Sting is one of the few older wrestlers to openly admit to having heavily used steroids during the 80s, although he claims he stopped sometime around 1990 (a change in his body around then seems to back that up). Unfortunately during the 90s, when he was at the height of his babyface powers, Sting was falling into the classic pro wrestling spiral of booze, painkillers and muscle-relaxers. Around the time he was first made the change to Crow Sting, he was at rock bottom personally – strung out on booze and drugs, depressed and on the skids with his wife. Shortly thereafter, in 1998, Sting became a born again Christian at the urging of his brother, which Sting credits with reversing his downfall. Whatever your opinion of the whole born again thing, it seems to have worked for Sting, and today he seems far healthier and happier than most pro wrestlers of his vintage.

7) The Rock scared Sting away from WWE. Today a large part of Sting’s mystique arises from the fact that he’s the only top WCW guy to have never made the leap to WWF/E (until now of course). There’s been a lot of speculation as to why – many assume his Christian values kept him from joining with the seedy circus of Vince McMahon, but that doesn’t really hold water. For most of his tenure with TNA, the company was actually significantly edgier than WWE.

No, it wasn’t an ethical issue that kept Sting clear of Titan Towers — during the 90s Sting stuck with WCW because he was close friends with Eric Bischoff, who made sure Sting was very well taken care of financially, and Sting actually was interested in signing with WWF when WCW closed up shop, or at least he was until he witnessed an infamous segment featuring The Rock and Booker T.

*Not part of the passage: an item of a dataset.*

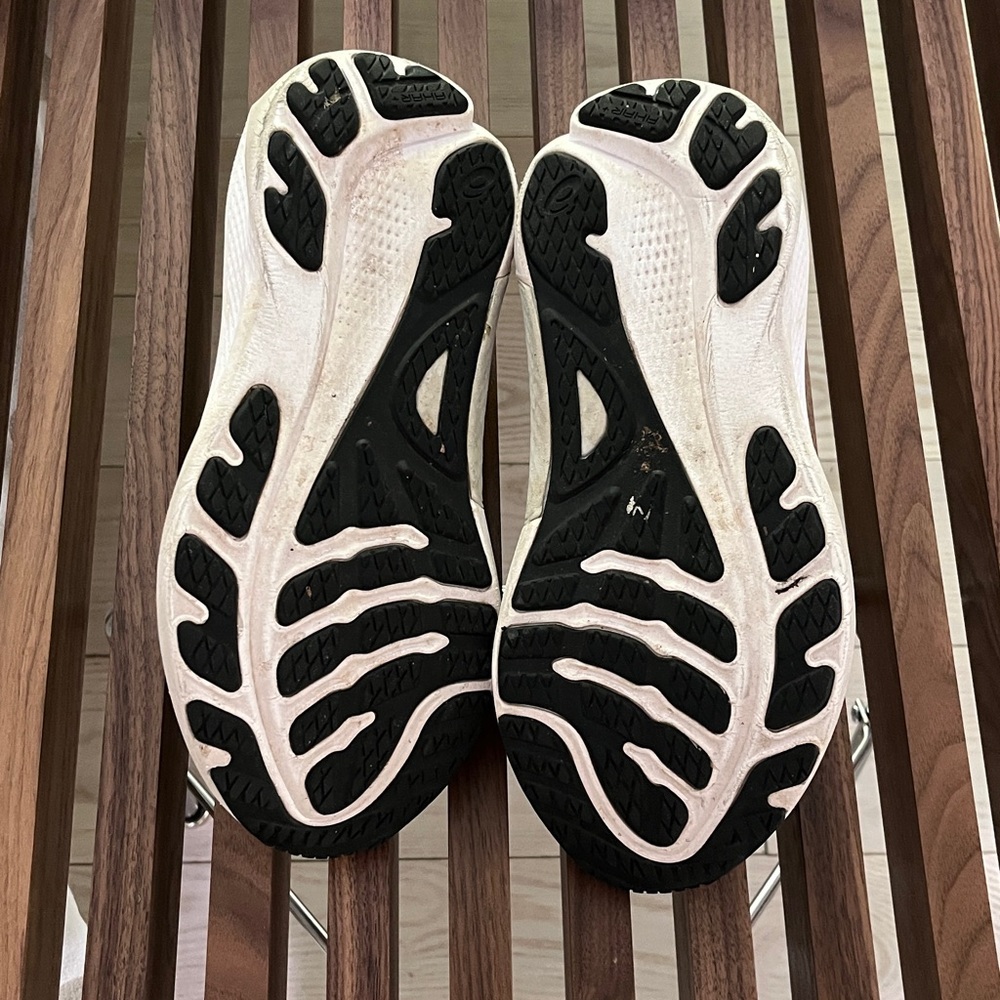ASICS Gel Black and White Athletic trainers - Picture 5 of 12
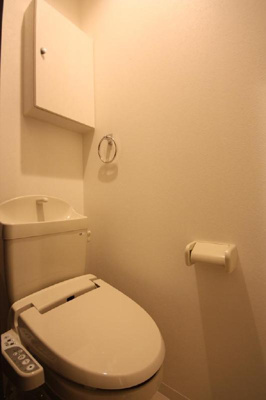 【トイレ】 | フェルメール千早 | 別号室の写真になります。現況優先。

In mid-2001 during the ill-fated Invasion storyline, Booker T would interrupt The Rock during an episode of Smackdown and Rock, high-larious jokester that he is, acted like he had no idea who Booker was, despite the fact that he’d been on WWF TV for months and was the current WCW World Champion. Sting happened to catch the segment and it put a chill up his spine – if five-time (five time, ect.) WCW Champion Booker T could be treated like a nobody out of spite, what would Vince and company do to Mr. WCW himself? It wasn’t worth the risk and when Jerry Jarrett, the man that gave Sting his start in the business, opened a new promotion called TNA, the choice seemed simple. It would be 13-years before Sting forgot Rocky’s “Who in the blue hell are you?” line and finally signed a WWE contract.

8) Sting starred in his own religious biopic. Back in 2004 a low-budget movie about the life and times of our hero entitled Sting: Moment of Truth came out, which is a perfectly acceptable thing to have happened. Sting deserves his own biopic! What was weird about the whole project is that the movie actually starred Sting. Playing yourself in a semi-fictional account of your own life is just…weird. The movie alternates between being laughably flat and Mexican soap opera “dramatic”, is about 40% stock footage and the only wrestling people other than Sting in the thing are Jeremy Borash and Jeff Jarrett. You can watch the whole thing below if you want, but don’t say I didn’t warn you…

9) Technically, Sting has as many world championships as John Cena. When most people are asked to list the most prolific world champions of all time, Sting probably doesn’t come to mind, but the guy is technically a 15-time world champ. Granted, Sting’s total includes four TNA titles and a couple WCW International Heavyweight Titles (basically the Smackdown world title of WCW), but hey, Cena’s title history is littered with countless fart in a hurricane two-week reigns too. Bottomline, Sting deserves to be considered one of the elite world champs alongside your Flairs, Cenas and Hogans.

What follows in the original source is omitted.